What the task requires:
The listing below should be printed exactly, every line of it. Skip the pictures.

★ ★ ★

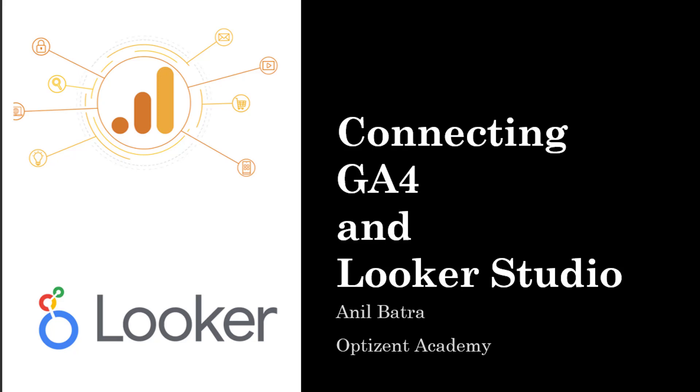In this video, I will show you how you can connect Looker Studio to Google Analytics 4 or GA4.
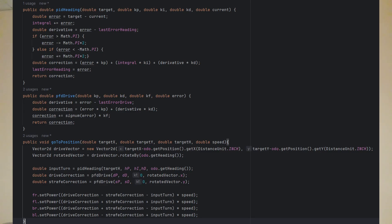We won't be going over localization in this video, but there are plenty of resources out there for how to do it. GoBuilda Pinpoint and SparkFun make it super easy to get the position of your robot. This system works by essentially creating driver-oriented mechanism code and controlling it with a set of three PIDs instead of controller input. You'll have one for heading, one for forward movement, and one for strafing.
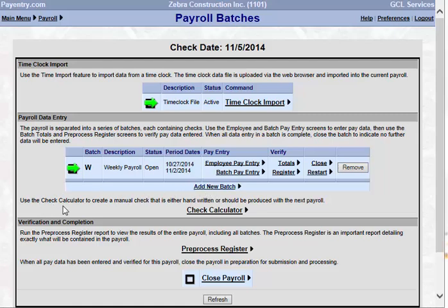Your next section is the check calculator. The check calculator is the option for calculating manual checks. You may view the information, save the check information, or in some cases just print the manual check. You can also do what-if statements with the check calculator. For example, if someone is getting a raise and wants to see what their new net pay would be, you can key that information in your check calculator to give an estimate.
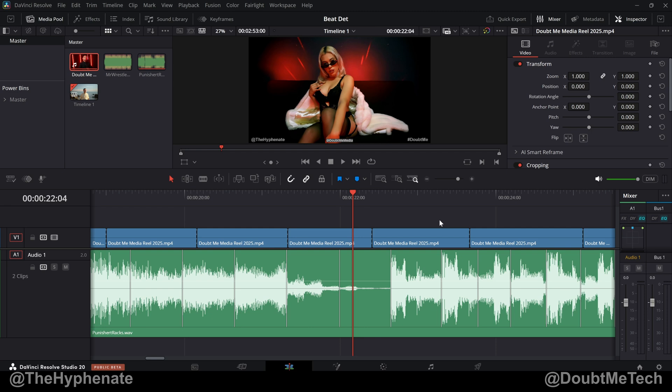Hey, what's up, everybody? It's the Hyphenate here. And today I'm going to show you guys how to easily use the new beat detection option in DaVinci Resolve 20.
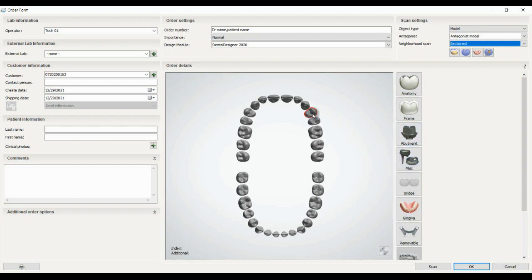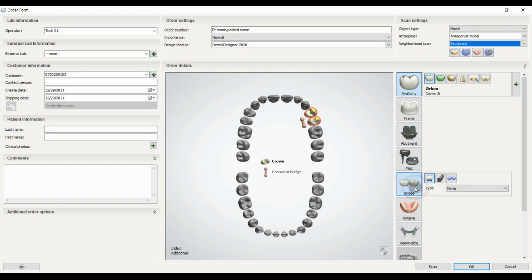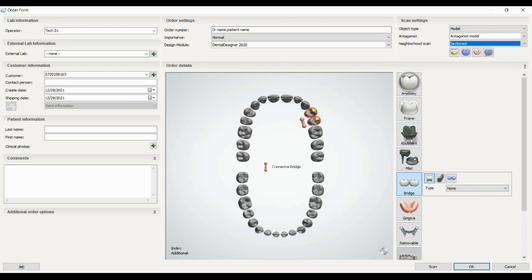Next option: if we have more than one tooth in our order that are near each other and we want to splint each other or bridge it, we can choose this one and the bridge icon will appear. We have three types of bridge: non-bar and bar. This helps us to create a bridge or a splint.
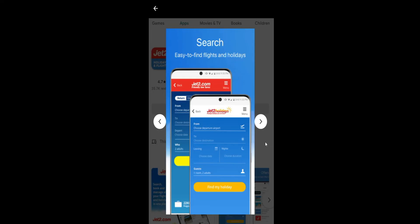And there you have it, that is how easy it is to download and install the Jet2 application on your smartphone.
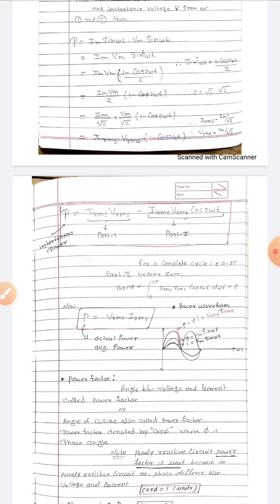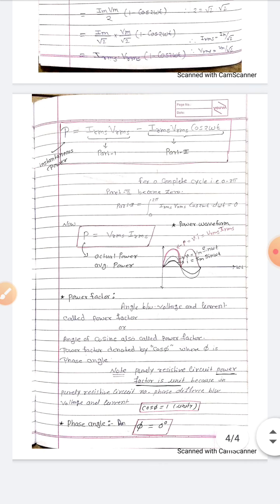Regarding the power waveform diagram: since voltage and current have no phase difference, in the first half cycle both voltage and current are positive, so the power waveform is also positive. In the second half cycle, both voltage and current are negative, and negative times negative is positive, so the power is again positive.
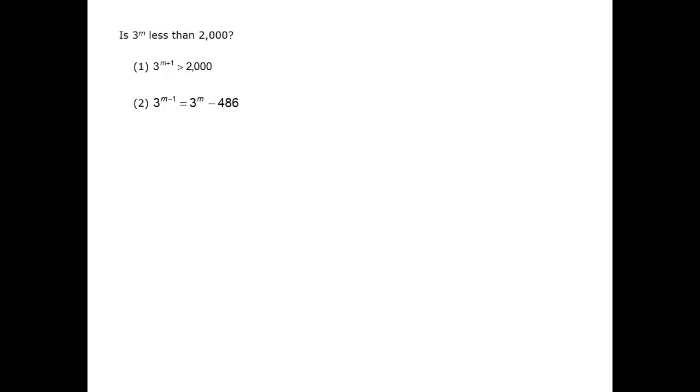In this question, we are asked whether 3 to the m power is less than 2,000. We could do some calculation to determine what the maximum possible value of m is for this to be true, or we can just head to the data statements.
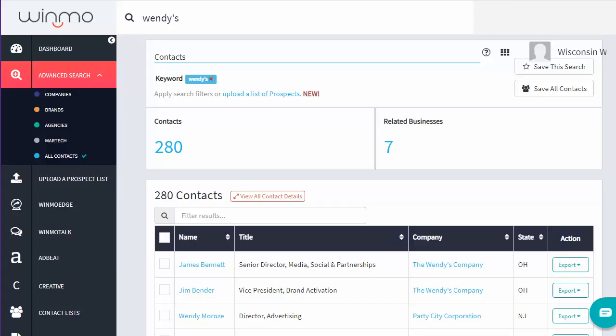Let's say we want to find information about Wendy's. Simply enter the company's name into the search box.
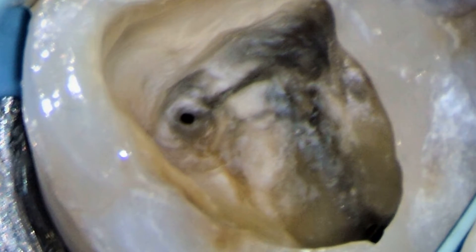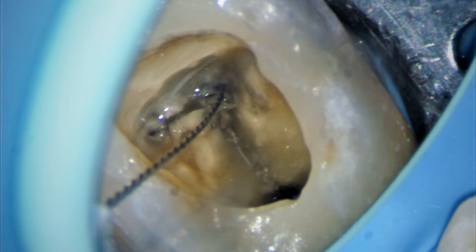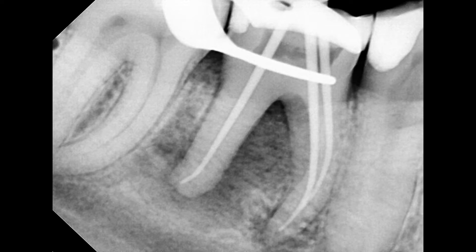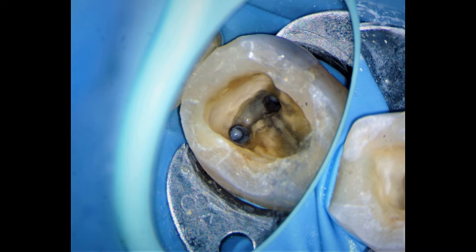After finding the mesial buccal canal, we continued troughing on the mesial lingual canal, and here is the mesial lingual canal that we could locate. This is the radiographic image after the biomechanical preparation of the master cones. This is the neat and clean chamber that you can see when we completed our biomechanical cleaning.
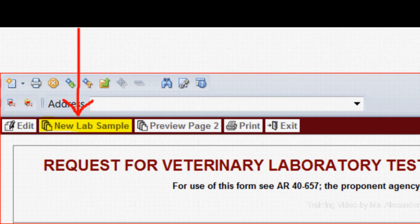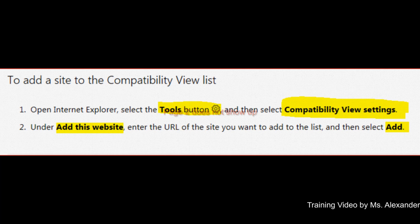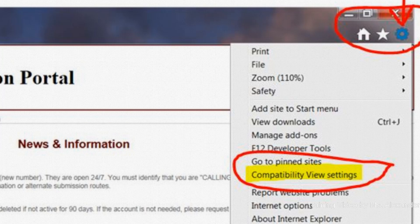Tips to remember when entering page 2 of the web version of the DA Form 7539 and the lab sample database is not working: make sure to check the compatibility view setting and try it again.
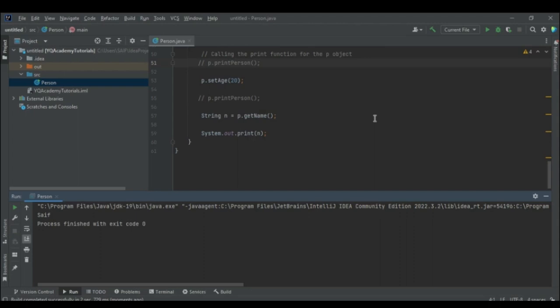To recap: today we discussed constructors. There are two types — parameterized and default. When you pass parameters at the time of initialization, the parameterized constructor is called automatically; otherwise the default constructor is called. Getters are used to read or get the value of attributes of an object, and setters are used to write or set the values of attributes. That's all for this session — see you in the next one.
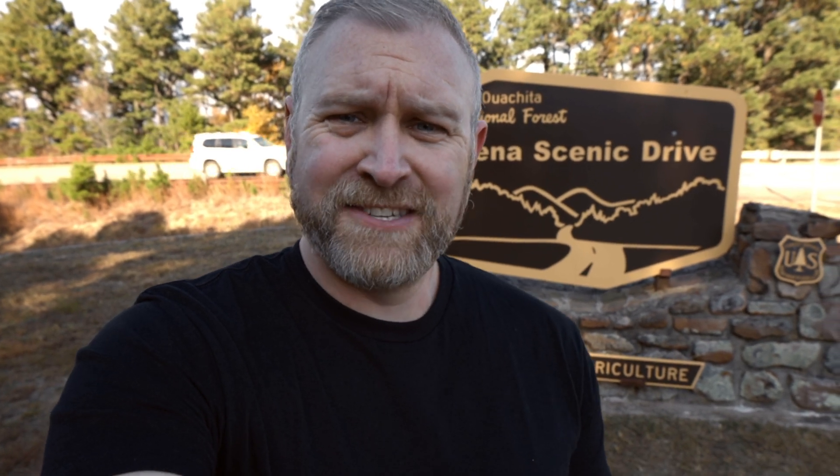Now, if you own the original Mavic Mini, you probably already know there is no HDR photo mode. But this was not clickbait, so don't click away. Today I'm going to show you how to take HDR photos manually within the DJI Fly app with your Mavic Mini. Let's get to it.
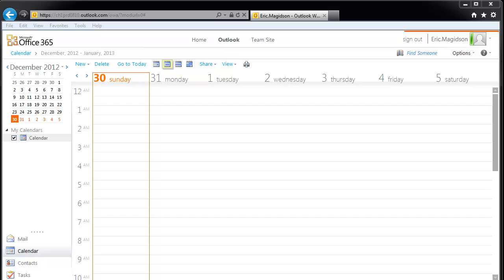Welcome back. Eric Maggotson here. Let's talk about beginning to get organized. One of the great things we can do with Office 365 is really manage our time effectively and efficiently using the calendar and even tasks. But the first thing to do is probably set up a calendar.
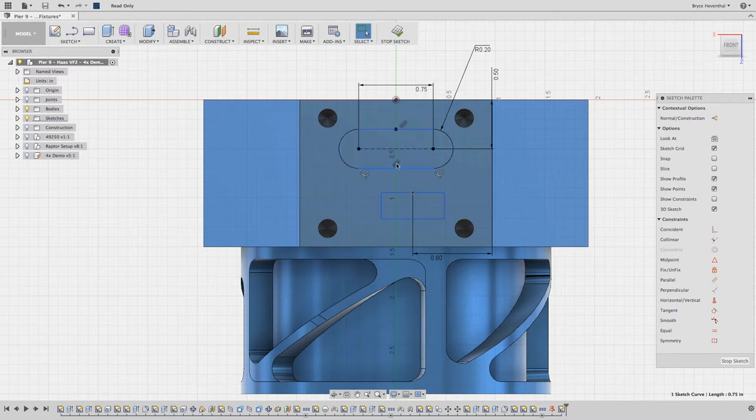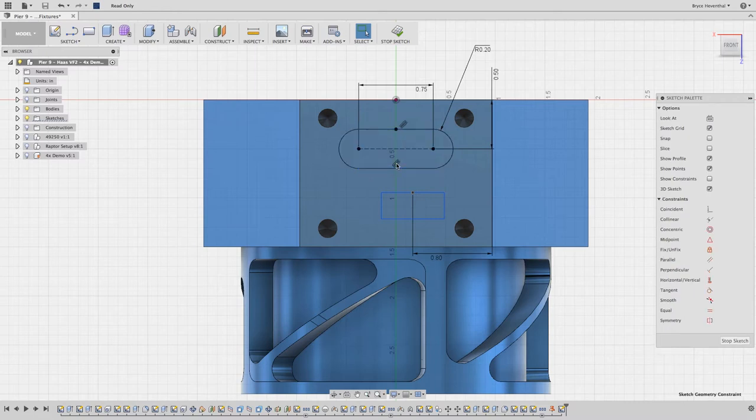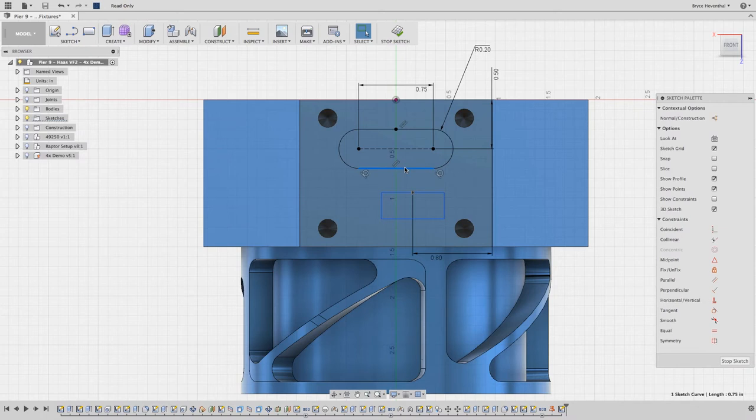It gets better. When I hover over constraints, it will highlight other sketch entities that are associated. For example, this tangent highlights the arc.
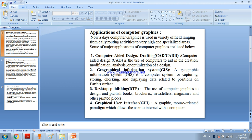Geographical information system is a computer system for capturing, storing, checking and displaying data related to position on earth surface.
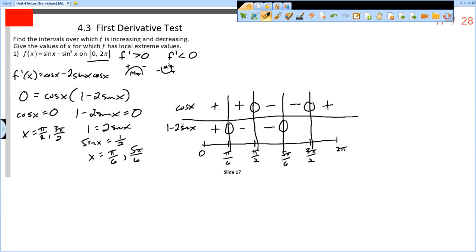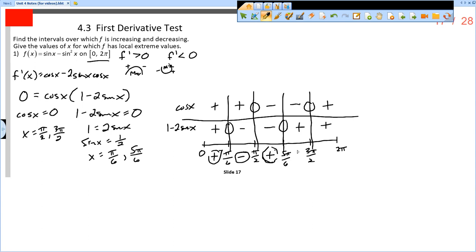To the right of 5 pi over 6, plugging in 3 pi over 2: sine of 3 pi over 2 is negative 1, so we get 1 minus 2 times negative 1, which is 1 plus 2 — positive. Now multiply the signs down: positive times positive is positive, positive times negative is negative, negative times negative is positive, and negative times positive is negative.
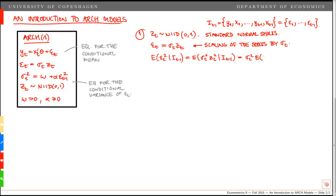Next, we have the expected value of z_t squared given the information set at t minus 1. This equals the unconditional expectation of z_t squared, since the information set contains no information about z_t. This equals 1, because z_t is standard normally distributed with variance 1. Therefore, the conditional expectation of epsilon_t squared is simply sigma_t squared — exactly how we defined the conditional variance given the past information set.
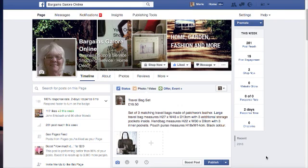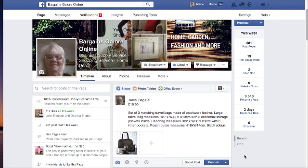Hi there, Merle here. I just wanted to show you a quick video on how to send your ads to various groups, into multiple groups.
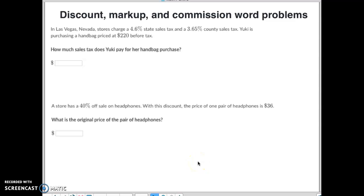Hey, good morning, Math 7. Today you've just got one con to do. Today is discounts, markup, and commission word problems. Let's go through it.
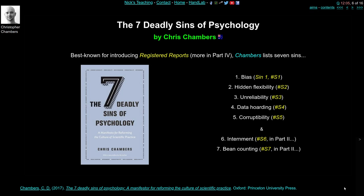Sin five is corruptibility — even scientists can be corrupt, cheat, steal, and commit fraud. Sin six concerns internment: even after publication, articles are quite hard to access for the general public. And finally, sin seven is bean counting — trying to measure the quality of science using numbers that don't really represent what you're trying to measure; measuring science with bad metrics.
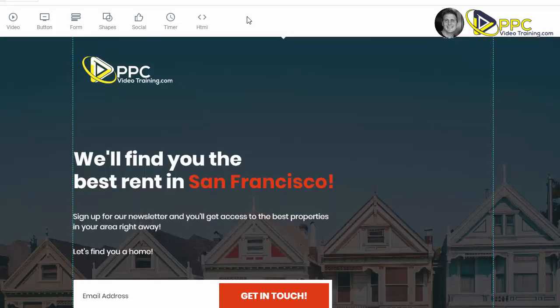This is how we create all of the landing pages for our clients by using this company called Instapage. We'll put the link down in the description. I'm not going to give you a full tutorial on how to use Instapage because they've got a million of those videos on their website. They are very simple to use, they have great support staff, and they're very affordable. And I would not endorse a company that we don't actually use.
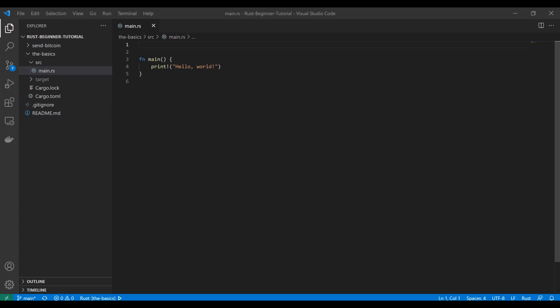Hello and welcome back to the Rust beginner tutorial on coding and crypto. Today we're going to be diving into options and also matching. These are both honestly some of the coolest parts about Rust and I'll explain why.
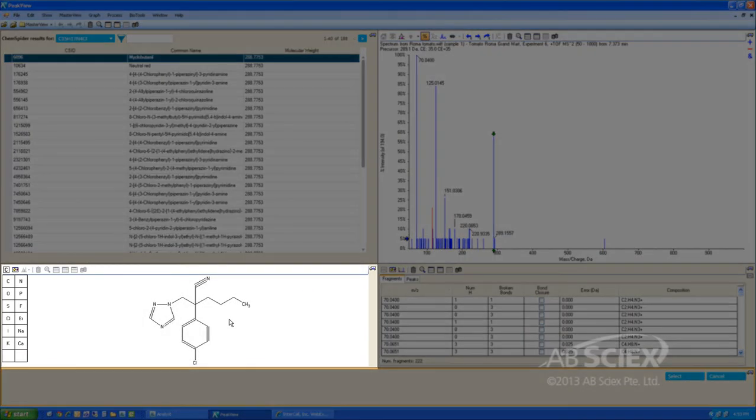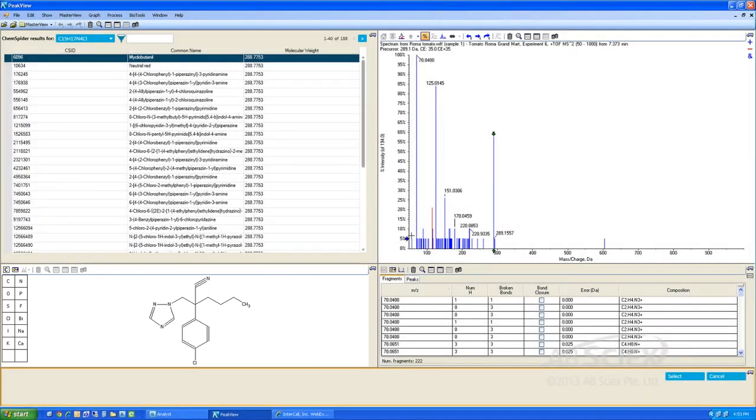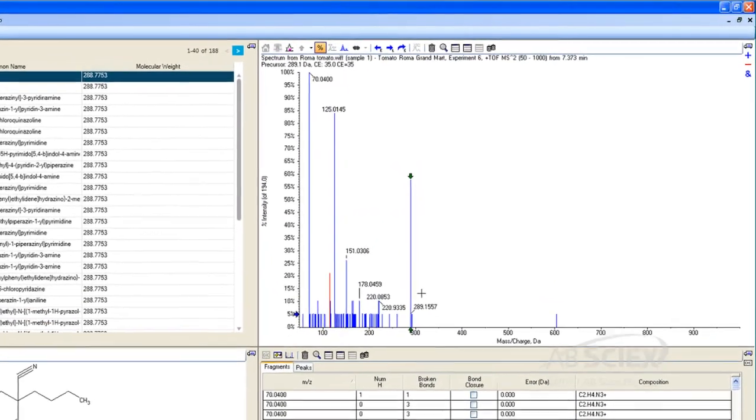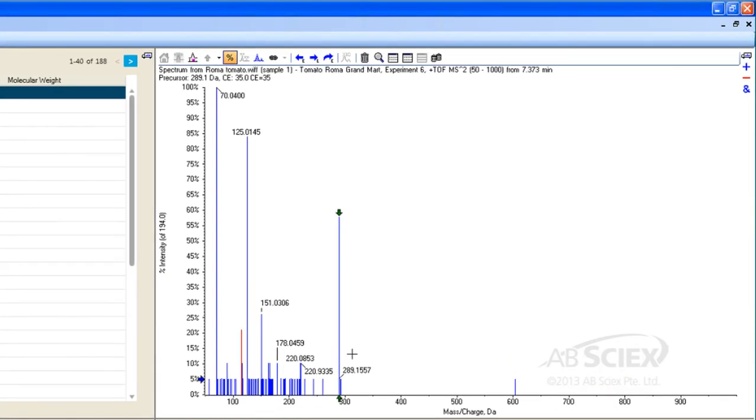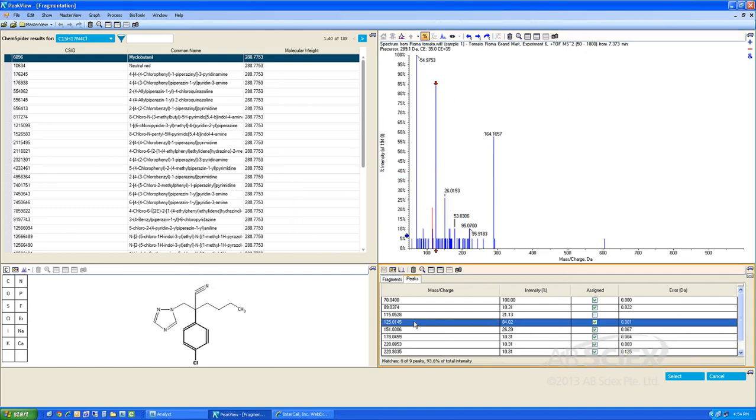The software will then display the chemical structure and calculate the theoretical MS-MS fragmentation pattern for that structure, and compare it to the acquired MS-MS spectrum we collected in our analysis. All fragments that can be explained by the identified structure are shown in blue, and those that are not explained by the structure are shown in red. From this analysis, we can see that 94% of the MS-MS fragments that we acquired in our analysis can be explained by the structure for myclobutanil. We can also click on any fragment mass, and it will highlight which part of the molecule gives rise to this fragment.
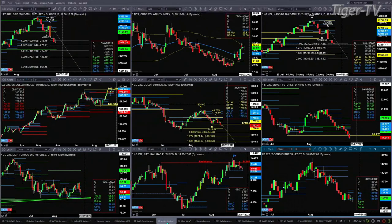Natural gas has a TD9 count top and is basically in a sideways consolidation. If price did close below $8.83, we'd be looking to move to $8.22. The 30-year treasury is just testing the support of the bottom of its daily profile at $135.30.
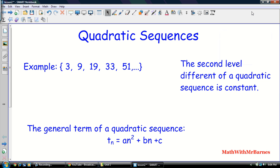Hey guys, Mr. B here again. Last video I did for this course was on arithmetic sequences, so this one takes it to the next level, which would be quadratic sequences.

★ ★ ★

Output for this task:
In this video, I will show you how you can connect Looker Studio to Google Analytics 4 or GA4.
We won't be going over localization in this video, but there are plenty of resources out there for how to do it. GoBuilda Pinpoint and SparkFun make it super easy to get the position of your robot. This system works by essentially creating driver-oriented mechanism code and controlling it with a set of three PIDs instead of controller input. You'll have one for heading, one for forward movement, and one for strafing.
Your next section is the check calculator. The check calculator is the option for calculating manual checks. You may view the information, save the check information, or in some cases just print the manual check. You can also do what-if statements with the check calculator. For example, if someone is getting a raise and wants to see what their new net pay would be, you can key that information in your check calculator to give an estimate.
Hey, what's up, everybody? It's the Hyphenate here. And today I'm going to show you guys how to easily use the new beat detection option in DaVinci Resolve 20.
Next option: if we have more than one tooth in our order that are near each other and we want to splint each other or bridge it, we can choose this one and the bridge icon will appear. We have three types of bridge: non-bar and bar. This helps us to create a bridge or a splint.
And there you have it, that is how easy it is to download and install the Jet2 application on your smartphone.
Regarding the power waveform diagram: since voltage and current have no phase difference, in the first half cycle both voltage and current are positive, so the power waveform is also positive. In the second half cycle, both voltage and current are negative, and negative times negative is positive, so the power is again positive.
In this question, we are asked whether 3 to the m power is less than 2,000. We could do some calculation to determine what the maximum possible value of m is for this to be true, or we can just head to the data statements.
Let's say we want to find information about Wendy's. Simply enter the company's name into the search box.
After finding the mesial buccal canal, we continued troughing on the mesial lingual canal, and here is the mesial lingual canal that we could locate. This is the radiographic image after the biomechanical preparation of the master cones. This is the neat and clean chamber that you can see when we completed our biomechanical cleaning.
Tips to remember when entering page 2 of the web version of the DA Form 7539 and the lab sample database is not working: make sure to check the compatibility view setting and try it again.
To recap: today we discussed constructors. There are two types — parameterized and default. When you pass parameters at the time of initialization, the parameterized constructor is called automatically; otherwise the default constructor is called. Getters are used to read or get the value of attributes of an object, and setters are used to write or set the values of attributes. That's all for this session — see you in the next one.
Now, if you own the original Mavic Mini, you probably already know there is no HDR photo mode. But this was not clickbait, so don't click away. Today I'm going to show you how to take HDR photos manually within the DJI Fly app with your Mavic Mini. Let's get to it.
Welcome back. Eric Maggotson here. Let's talk about beginning to get organized. One of the great things we can do with Office 365 is really manage our time effectively and efficiently using the calendar and even tasks. But the first thing to do is probably set up a calendar.
It gets better. When I hover over constraints, it will highlight other sketch entities that are associated. For example, this tangent highlights the arc.
Geographical information system is a computer system for capturing, storing, checking and displaying data related to position on earth surface.
To the right of 5 pi over 6, plugging in 3 pi over 2: sine of 3 pi over 2 is negative 1, so we get 1 minus 2 times negative 1, which is 1 plus 2 — positive. Now multiply the signs down: positive times positive is positive, positive times negative is negative, negative times negative is positive, and negative times positive is negative.
Next, we have the expected value of z_t squared given the information set at t minus 1. This equals the unconditional expectation of z_t squared, since the information set contains no information about z_t. This equals 1, because z_t is standard normally distributed with variance 1. Therefore, the conditional expectation of epsilon_t squared is simply sigma_t squared — exactly how we defined the conditional variance given the past information set.
Hi there, Merle here. I just wanted to show you a quick video on how to send your ads to various groups, into multiple groups.
Hey, good morning, Math 7. Today you've just got one con to do. Today is discounts, markup, and commission word problems. Let's go through it.
Sin five is corruptibility — even scientists can be corrupt, cheat, steal, and commit fraud. Sin six concerns internment: even after publication, articles are quite hard to access for the general public. And finally, sin seven is bean counting — trying to measure the quality of science using numbers that don't really represent what you're trying to measure; measuring science with bad metrics.
This is how we create all of the landing pages for our clients by using this company called Instapage. We'll put the link down in the description. I'm not going to give you a full tutorial on how to use Instapage because they've got a million of those videos on their website. They are very simple to use, they have great support staff, and they're very affordable. And I would not endorse a company that we don't actually use.
Hello and welcome back to the Rust beginner tutorial on coding and crypto. Today we're going to be diving into options and also matching. These are both honestly some of the coolest parts about Rust and I'll explain why.
The software will then display the chemical structure and calculate the theoretical MS-MS fragmentation pattern for that structure, and compare it to the acquired MS-MS spectrum we collected in our analysis. All fragments that can be explained by the identified structure are shown in blue, and those that are not explained by the structure are shown in red. From this analysis, we can see that 94% of the MS-MS fragments that we acquired in our analysis can be explained by the structure for myclobutanil. We can also click on any fragment mass, and it will highlight which part of the molecule gives rise to this fragment.
Natural gas has a TD9 count top and is basically in a sideways consolidation. If price did close below $8.83, we'd be looking to move to $8.22. The 30-year treasury is just testing the support of the bottom of its daily profile at $135.30.
Hey guys, Mr. B here again. Last video I did for this course was on arithmetic sequences, so this one takes it to the next level, which would be quadratic sequences.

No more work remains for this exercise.